11.1.2 If repair must take place at a location other than originally agreed, Nexus B.V. may charge extra costs for travel and accommodation.
11.2 Warranty on designs, advice, instructions, inspections, and other services:
The provisions of 11.1 shall apply mutatis mutandis, provided that the warranty obligation is limited to re-supply of the relevant service.
11.3 Warranty on pilot installations, prototypes, studies, and research:
Nexus B.V. exclusively warrants that it has made its best efforts. The provisions of 11.1 shall only apply if the Client demonstrates that Nexus B.V. did not act to the best of its ability.
11.4 Warranty on secondment:
Nexus B.V. warrants that seconded employees meet the agreed qualifications. If the Client makes it plausible that an employee does not possess these qualifications, Nexus B.V. shall replace this employee as soon as possible.
11.5 If delay in acceptance (as defined in Articles 6 and 8) is not attributable to Nexus B.V., the warranty period shall commence on the originally agreed date or the date determined upon completion.
11.6 The warranty shall only apply if::
a. Payment obligations have been fulfilled.
b. Operating and maintenance instructions have been complied with.
c. The Client or third parties have not carried out unauthorised repairs or adjustments.
d. The information provided by the Client was correct and complete.
11.7 Defects caused by the following are excluded from the warranty:
a. Normal wear and tear, erosion, and corrosion.
b. Careless use, intent, negligence, or faulty actions by the Client or third parties.
c. Materials, working methods, and instructions prescribed by the Client.
d. Materials or items provided by the Client.
e. Regulations imposed by the government.
11.8 Products and/or services from third parties are covered by the warranties provided by that third party.
11.9 Complaints about defects must be reported in writing as soon as possible, at the latest within 14 days after discovery or at the latest within 14 days after the end of the warranty period. If this occurs later, any claim shall lapse. If the Client decides to postpone the repair after discovery, they bear the risk of further damage themselves. Any claims must be instituted within one year after the timely complaint, failing which all rights shall lapse.
11.10 The Client may not transfer its rights under this warranty to third parties.

Article 12 - Liability

12.1 In the event of an attributable shortcoming on the part of Nexus B.V., it shall only be obliged to fulfil its contractual obligations.
12.2 The liability of Nexus B.V. is in all cases limited to a maximum of $50\%$ of the contract price (excluding VAT) with an absolute maximum of EUR 500,000. For partial assignments, the limitation applies to that specific part.
12.3 Nexus B.V. is in no event liable for:
a. ndirect or consequential damages, such as business interruption, loss of profit, loss of production, transport costs, or travel and accommodation costs.
b. Damage caused by intent or gross recklessness of auxiliary persons or non-managerial subordinates of Nexus B.V.
12.4 The Client indemnifies Nexus B.V. against third-party claims based on product liability if the Client sells goods to third parties in which products or materials of Nexus B.V. are incorporated.
12.5 Nexus B.V. is not liable for damages caused by employees seconded to the Client.

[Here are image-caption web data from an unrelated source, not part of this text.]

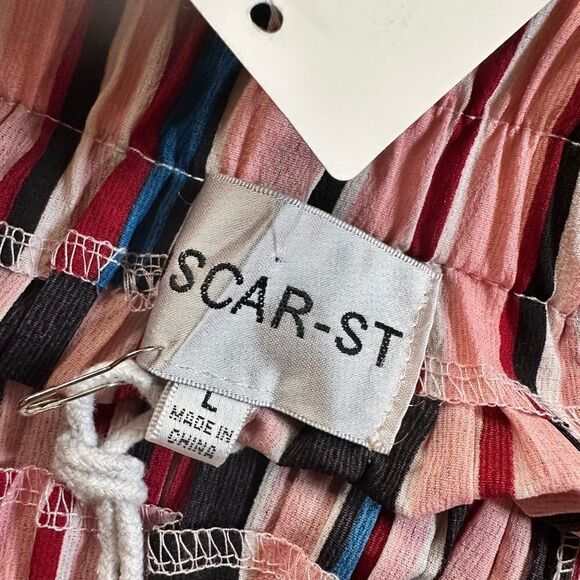 NWT Oscar S Women’s Multi Striped Palazzo Cropped Pants Pull On - Size Large - Picture 6 of 6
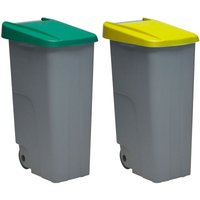 Pack reciclaje Contenedor Reciclo 110 litros cerrado c/u: 220 litros totales, en 2 contenedores, en colores verde/amarillo - Verde/Amarillo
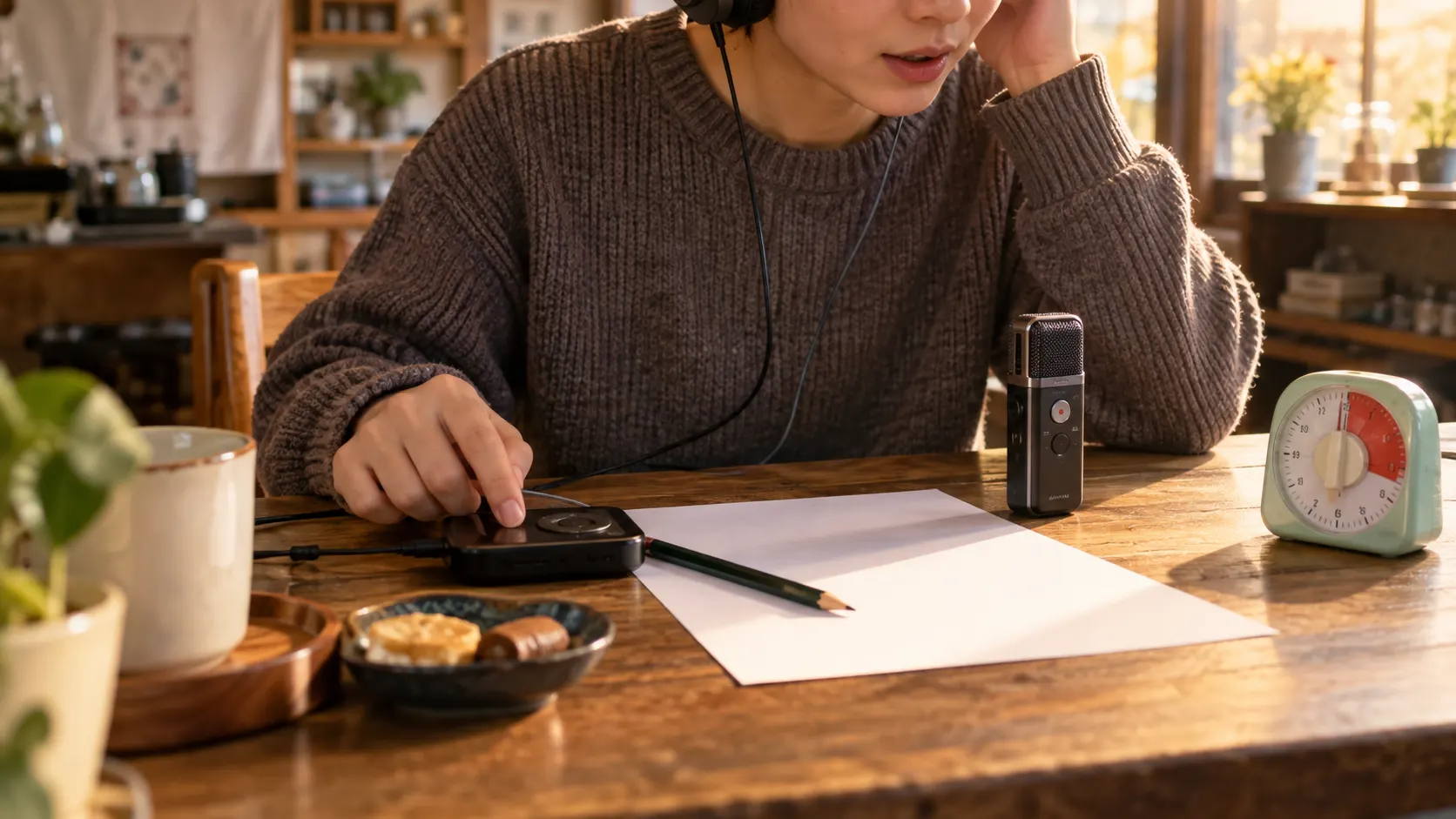 조용한 책상 위에서 헤드폰을 쓴 학습자가 2회 반복한 영어 문장을 손가락으로 따라가며 휴대전화에 녹음하고, 끊어 읽기 위치와 짧은 요약을 확인하는 장면입니다. 읽기와 듣기를 연결하는 연습입니다.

Article 13 - Suspension, Rescission, and Termination of the Agreement

13.1 If the Client fails to fulfil its obligations timely or properly, or in the event of a well-founded fear of non-performance, moratorium of payments, bankruptcy, cessation of business, liquidation, or transfer of (a significant part of) the business, Nexus B.V. is entitled to wholly or partially rescind the Agreement or suspend its obligations, without further notice of default or judicial intervention, and without being held liable for damages or warranty.
13.2 In the event of suspension or rescission, the entire contract price shall become immediately due and payable, after deduction of installments already paid.
13.3 In the event of force majeure, Nexus B.V. is entitled to wholly or partially rescind the Agreement or suspend its execution without being liable for damages.
13.4 If the Client wishes to terminate the Agreement without any breach on the part of Nexus B.V. and Nexus B.V. agrees to this, Nexus B.V. is entitled to compensation for damages suffered and yet to be suffered, including lost profit and incurred costs.

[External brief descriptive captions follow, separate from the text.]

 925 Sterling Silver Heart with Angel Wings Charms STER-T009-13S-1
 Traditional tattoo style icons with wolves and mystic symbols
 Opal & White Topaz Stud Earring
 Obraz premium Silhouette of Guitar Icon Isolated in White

Article 14 - Force Majeure

14.1 Nexus B.V. may temporarily suspend its obligations in the event of force majeure.
14.2 Force majeure is understood to mean: non-timely or defective performance by suppliers, subcontractors, or carriers, extreme weather, earthquakes, fire, power failure, loss or theft of tools or materials, blockades, strikes, work stoppages, import or trade restrictions. If these occur at the location of the Client, the consequences shall be borne by the Client.
14.3 If the temporary impossibility lasts longer than six months, both parties may rescind the Agreement with immediate effect for the part not yet executed.
14.4 In the event of permanent impossibility due to force majeure, both parties may immediately rescind the Agreement for the part concerned.

Article 15 - Software

15.1 If Software is supplied, Nexus B.V. grants the Client a non-exclusive, non-transferable license to use the Software, including accompanying documentation, in accordance with the purposes agreed upon in writing.
15.2 All industrial and intellectual property rights to the Software remain the property of Nexus B.V. or the supplier from whom Nexus B.V. has obtained usage rights. The Client shall respect the confidentiality of the Software and shall not remove any indications concerning ownership or confidentiality. Nexus B.V. may take technical measures to protect the Software.

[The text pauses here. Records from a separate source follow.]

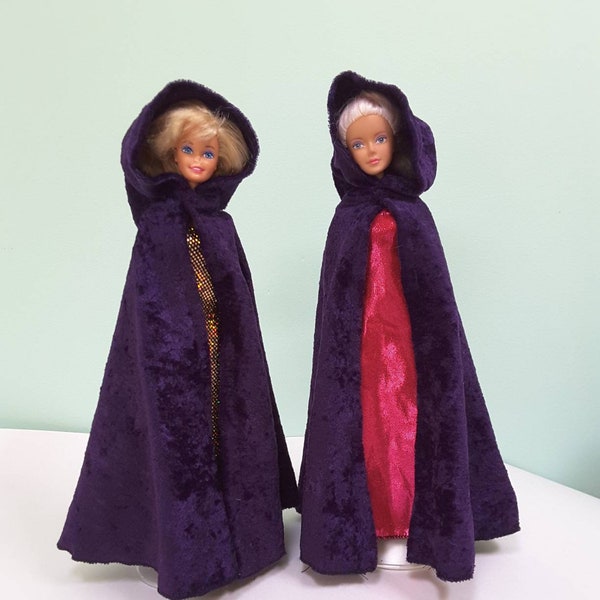 Purple Panne cloak/cape for Barbie Doll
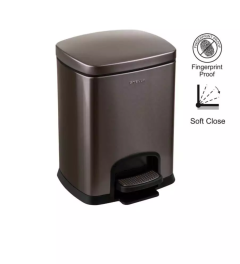 Stella Premium Kosz pedałowy prostokątny 8 L, soft close, grafit metalik 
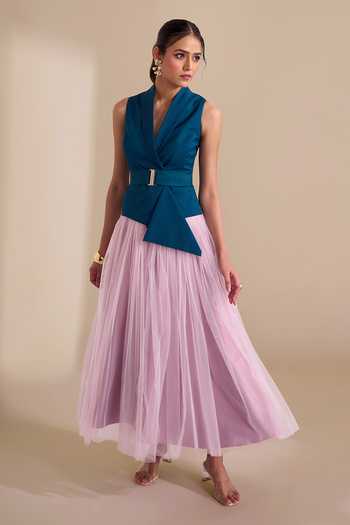 Naintara Bajaj_Teal Lycra, Net V-neck Striking Duo Waistcoat And Skirt Set _at_Aza_Fashions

Article 16 - Takeover of Personnel

16.1 During the term of the Agreement and for two years after its termination, the Client shall not hire employees of Nexus B.V. or have them work for it, directly or indirectly, for payment, unless Nexus B.V. gives written permission.
16.2 In the event of a breach, the Client shall forfeit a penalty, immediately due and payable and not subject to mitigation, of at least three times the last gross annual salary (including emoluments) of the employee concerned, without prejudice to the right of Nexus B.V. to claim additional compensation for damages.

Article 17 - Confidentiality

17.1 Both parties shall treat all confidential information they obtain within the framework of the Agreement as strictly confidential and shall use it exclusively for the intended purpose, unless legal regulations, agreed-upon deviations, or public knowledge prevent this.

Article 18 - Compliance with laws and regulations, standards, and business principles

18.1 Nexus B.V. complies with the laws and regulations applicable in the Netherlands, including industry and safety requirements. It expects its contracting parties to do the same.
18.2 Nexus B.V. maintains internal safety standards and procedures to promote occupational safety. If the Client applies stricter safety standards, Nexus B.V. will respect them where possible.
18.3 If the execution of the Agreement is subject to export licenses, sanction legislation, or internal export control of Nexus B.V., the Client is obliged to provide all necessary information. Refusal or delay caused by such legislation or policies shall be considered force majeure.

Article 19 - Disputes and Applicable Law

19.1 All disputes arising from or related to the Agreement shall preferably be resolved in accordance with the rules of the Netherlands Arbitration Institute (NAI). Nexus B.V. also has the right to submit disputes to the competent court in Rotterdam.
19.2 These general terms and conditions and the Agreement are exclusively governed by Dutch law, with the exclusion of the Vienna Sales Convention (CISG).